Weaknesses: I found few shortcomings in the work. The bound for the $w_k$ approximation discussed in the appendix seems a bit loose (this is already acknowledged by the authors), but this does not seem to take away from the performance in the empirical analysis.

Correctness: The empirical methodology (presented at a high level in the main body and more granularly in the appendix) seem correct. My examination of the proofs was by no means thorough, but I did not find errors following along.

Clarity: Yes! The paper was very clear, with simple language and helpful examples to supplement description of important concepts. Proofs were straightforward and supplemented with explanation that made it easier to follow.

Relation to Prior Work: Yes.

Reproducibility: Yes

Additional Feedback: line 3 "this remain unclear" -> "this remains unclear" line 43 "are themselves are erroneous" -> "are erroneous" line 92 "consider tree-structured" -> "consider the tree-structured" It might be helpful for readers who are red-green colorblind or for those printing in black/white that the colors of the graphs in Figure 1 are changed. The appendix in general was very readable! Awesome. ======POST REBUTTAL===== I have read the rebuttal. My score remains the same.

### Review 2

Summary and Contributions: The authors describe a problem that occurs when using neural network function Q-function approximations when the Q-function is updated by fitting a Q-function that minimizes the empirical squared loss over the data collected previously (mixture distribution over past policies). They describe the optimal solution to the problem (if one had full information). Then they develop an algorithm to approximate the optimal solution to the problem (an alternative weighting over the past examples). ------------------------------------------------------------------------------------------ 8/21/2020: I feel that the authors have addressed my main concerns in their rebuttal, so I have updated my score.

Strengths: - They demonstrate strong empirical performance of their algorithm. - They illustrate the problem (that their algorithm is designed to fix) pretty well empirically (see later comments for areas to improve)

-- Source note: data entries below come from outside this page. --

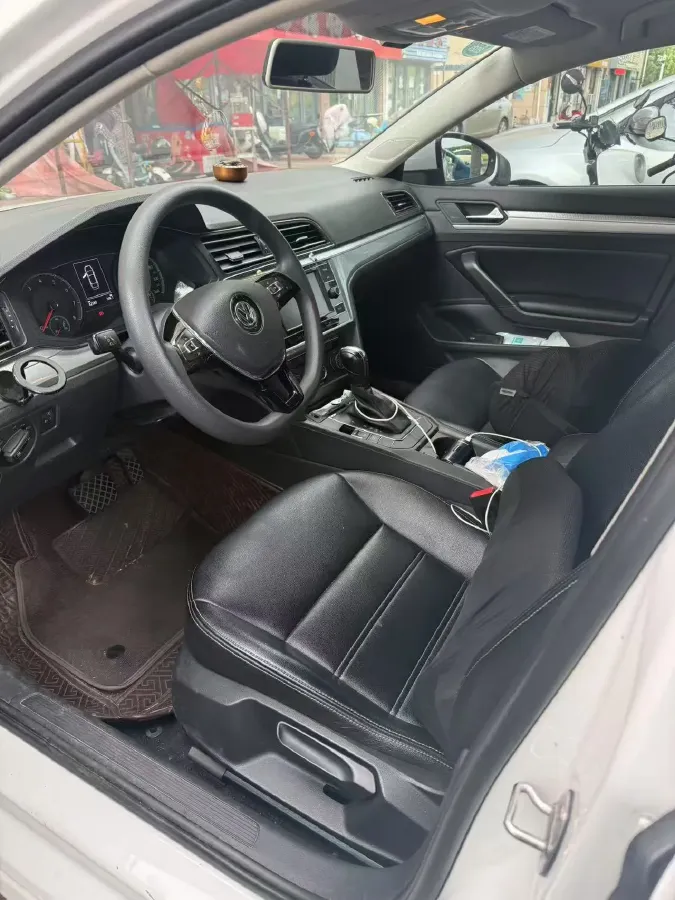 2019 Volkswagen T-Cross 1.4T 150HP L4 7DCT,autocango,china used car exporter,china ev exporter,chinese used car exporter,chinese used ev exporter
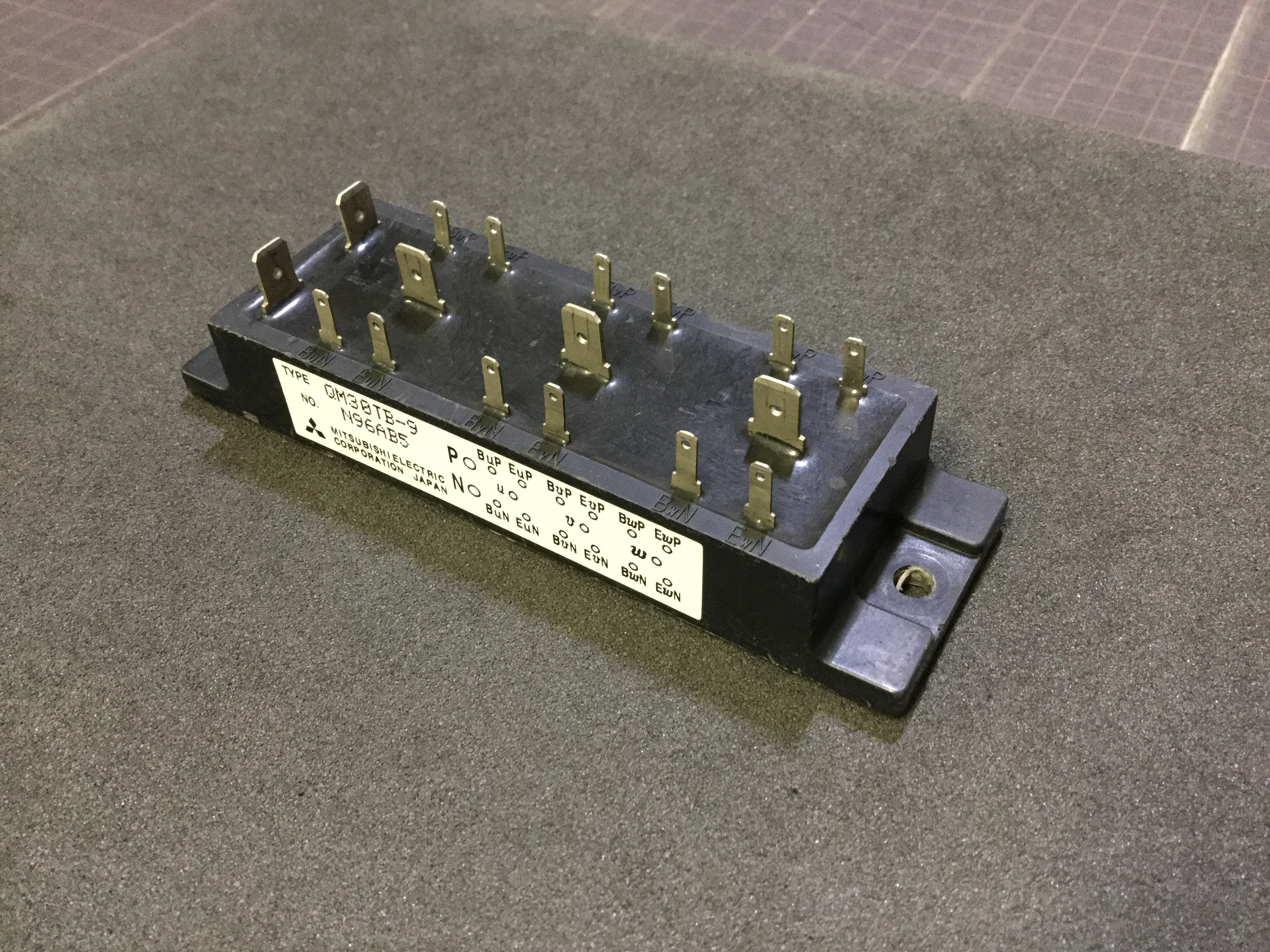QM30TB-9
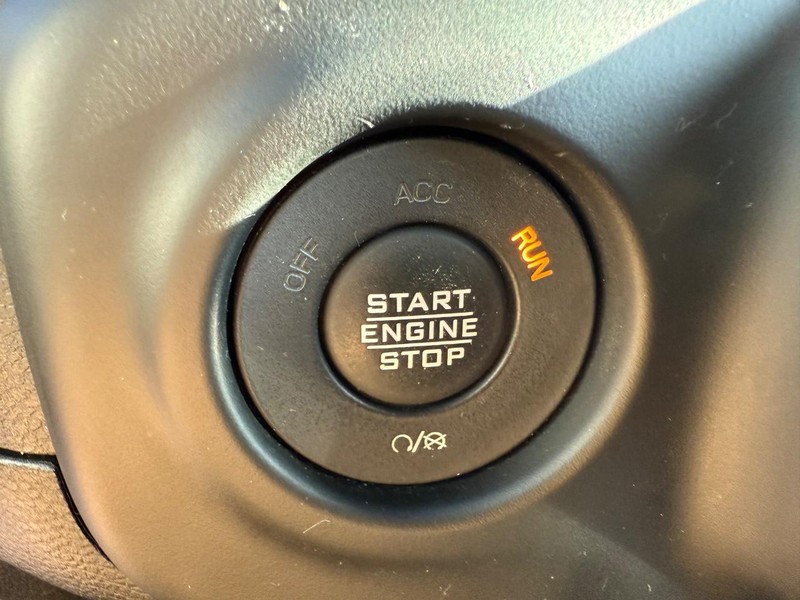 Jeep Wrangler Vehicle Full-screen Gallery Image 19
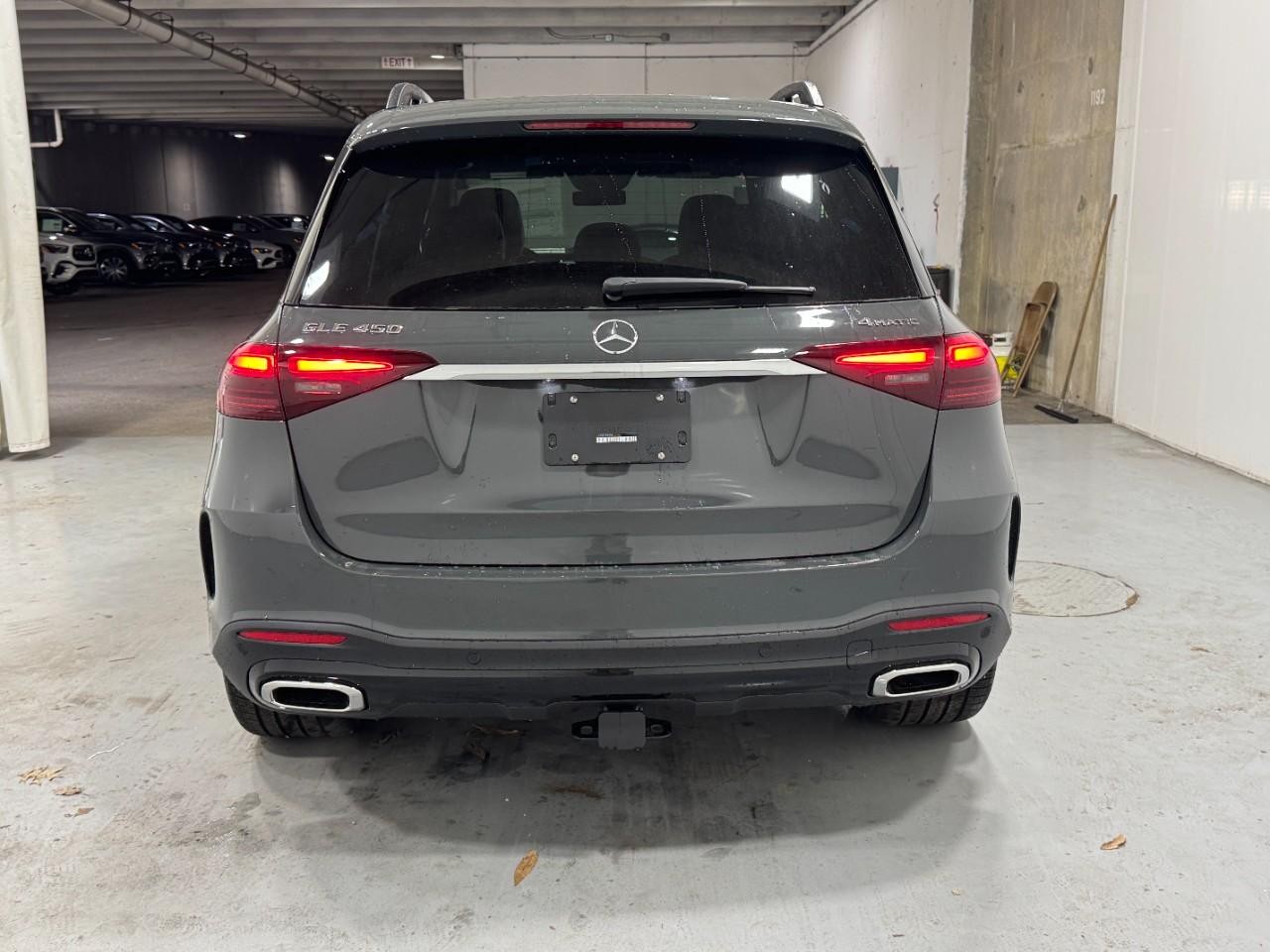 Mercedes-Benz GLE Vehicle Full-screen Gallery Image 9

Weaknesses: - I am not fully convinced / confused about your argument regarding Figure 3. What does computing Q using Unif(s,a) instead of the on-policy distribution? Do you reweight the samples from the on-policy distribution with some kind of importance weights to achieve Unif(s,a)? Or is the Q computed using Unif(s,a) an oracle quantity that is not achievable in practice? It's not clear to me what is the exact source of the problem when using neural network function approximation---I would like to see you clarify and make this argument more precise. For simplicity, let's assume we just have Q_0 and Q_1 so initial policy and one update, and we are trying to fit Q_2. Are you arguing that since the data collected under Q_0 was used to fit Q_1, and Q_2 is fit using the data collected under Q_0 and Q_1, there is some correlation induced regarding which states are visited / values of rewards that that causes poor learning? Or is the issue that you are not visiting some state-action tuples frequently enough (far from the uniform distribution)?

Correctness: The methods and empirical methodology appear to be correct.

Clarity: I think the paper is well written overall---I urge the authors to be more precise with their claims / argument regarding the problem their algorithm is designed to fixed.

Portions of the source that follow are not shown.